After a very long time (with much starting and stopping of work) I finally got media uploads working on my micropub server!
In celebration, here's a picture of the bunny that hangs out in my yard:
With that out of the way, I thought I'd describe a bit about how this works and some of the challenges I hit along the way (including in writing this post!).
First, I had to implement the media upload portion of the micropub spec. This wasn't too bad but I needed to be able to store a few things:
- The media file itself needed to be stored somewhere.
- I had to then store some metadata about the file so I could later fetch the file data.
This was broken out into two parts. For storing file data itself, I created a separate server from my micropub server. I called this rustyblobjectstore (terrible name but whatever). It's a thin blob store API meant to abstract over any particular file storage details. The commit I linked at the start of the post goes into more detail but the idea is that I can easily change file storage backends through this service without the micropub server needing to know anything about that.

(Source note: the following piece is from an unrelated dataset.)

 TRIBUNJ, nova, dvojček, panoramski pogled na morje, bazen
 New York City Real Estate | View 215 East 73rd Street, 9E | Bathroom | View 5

For now, as an experiment in how this works, I'm just using a sqlite database to store the file data.
For metadata about the media, I created an additional table in the micropub server's database. This is used to store content type, a content hash, as well as created/modified dates. The content hash is used in the media URLs on the micropub server as well as the key for the object store API so it's kind of content-addressed storage (kind of).
Implementing all of that was fairly straightforward and I had it working months ago. One of the first things I hit, though, once I had that all working was that the server library I was using sent headers as lower case ("location") whereas the client I was using to test uploads checked only for camel case header names ("Location"). This meant that the client I used to test never saw that the image was uploaded properly. It additionally had the fallback behavior of encoding the image data as base64 and including it in the body content of the post if the upload "failed" so this made observing this failure pretty hard without actually doing a publish and ensuring the body of the new post looked right (didn't contain a giant based64 encoded image blob).
I tried working around this a few ways, specifying specifically an uppercase header name in application logic (didn't matter) as well as trying to rewrite the header with Nginx config (also didn't work although I never figured out why on this one). I also found an open pull request on the client to fix this behavior but that did not get merged during this time.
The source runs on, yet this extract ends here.